"why speak any more...?
I have decided"
2 Samuel 19:29
Decisions, decisions...
I'm having trouble deciding what I want to share with you today. Should I talk about "pitcher's leg syndrome"?
Or Jim Henson?
Or junior high kids and migraines?
Okay, I'm gonna go with Option C. Those other two will have to wait.
And this isn't a story about junior high kids who have migraines. It's two separate things.
First off, you should know that my husband teaches a weekly Bible study for high school kids. It's through an amazing international organization called Community Bible Study, that my family has been involved with for 15 years. It's an in-depth study that includes homework, small group time to go over the lesson together, and then a lecture (20 minutes or so) covering that week's material.
So almost every week, from September through May, my sweetie reads and researches and writes, to put together an informative, interesting talk for the kids in his charge. He spends several hours, all told, over the course of a week.
Of course, he also has a full-time job, and he's a dad and a husband, and an assistant baseball coach... you get the idea. His work on those lectures is a labor of love, to be sure, but definitely a labor.
This past Sunday night, as he worked to finish his lecture, he was suffering with a migraine. He took pain relievers, and used an ice pack, and struggled to put the final touches on what he was going to teach the kids.

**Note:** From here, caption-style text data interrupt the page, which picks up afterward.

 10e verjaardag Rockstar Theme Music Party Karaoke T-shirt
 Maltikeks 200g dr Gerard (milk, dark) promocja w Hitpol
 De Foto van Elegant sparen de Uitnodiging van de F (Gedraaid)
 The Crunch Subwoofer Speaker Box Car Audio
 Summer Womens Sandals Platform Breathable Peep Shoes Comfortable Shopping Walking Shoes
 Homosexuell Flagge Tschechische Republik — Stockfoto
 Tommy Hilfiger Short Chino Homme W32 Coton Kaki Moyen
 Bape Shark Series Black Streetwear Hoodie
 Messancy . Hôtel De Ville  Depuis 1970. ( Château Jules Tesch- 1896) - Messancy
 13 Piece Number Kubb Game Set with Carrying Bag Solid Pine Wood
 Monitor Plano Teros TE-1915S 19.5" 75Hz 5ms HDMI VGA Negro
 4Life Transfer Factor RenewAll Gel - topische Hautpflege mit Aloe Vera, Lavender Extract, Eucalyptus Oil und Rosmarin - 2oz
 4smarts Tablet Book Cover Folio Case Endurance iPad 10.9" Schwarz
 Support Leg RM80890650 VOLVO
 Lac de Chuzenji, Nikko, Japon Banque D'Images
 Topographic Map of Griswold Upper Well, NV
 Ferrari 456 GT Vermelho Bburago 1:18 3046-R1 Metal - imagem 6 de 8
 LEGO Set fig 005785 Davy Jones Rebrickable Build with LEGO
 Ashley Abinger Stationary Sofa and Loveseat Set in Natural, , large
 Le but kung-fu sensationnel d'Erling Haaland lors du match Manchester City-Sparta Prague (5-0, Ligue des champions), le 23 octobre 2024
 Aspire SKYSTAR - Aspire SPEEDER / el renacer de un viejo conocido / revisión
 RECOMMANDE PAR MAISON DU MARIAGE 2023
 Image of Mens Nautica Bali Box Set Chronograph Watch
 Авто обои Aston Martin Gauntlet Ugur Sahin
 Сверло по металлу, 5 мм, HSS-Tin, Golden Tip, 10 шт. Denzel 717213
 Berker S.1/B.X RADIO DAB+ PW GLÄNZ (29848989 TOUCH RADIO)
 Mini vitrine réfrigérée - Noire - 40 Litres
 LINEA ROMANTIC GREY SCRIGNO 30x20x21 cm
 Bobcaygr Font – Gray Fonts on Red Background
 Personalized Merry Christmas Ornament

Finally he said to me, "This isn't working. I can't think; I can't write... I gotta go to bed and finish it tomorrow morning." And the next morning, he was up at 5, to finish it up before going to work. ~ I know, right? That's why he's the Apple of my Eye.
The next evening I happened to be there when he delivered his lecture. Our son had a baseball game and had to be a little late to class, so instead of just dropping him off, I came in too. It was fun to watch my hubby interacting with the kids, asking them questions, referring them to the maps he brought in on powerpoint as he discussed Paul's journey to Rome.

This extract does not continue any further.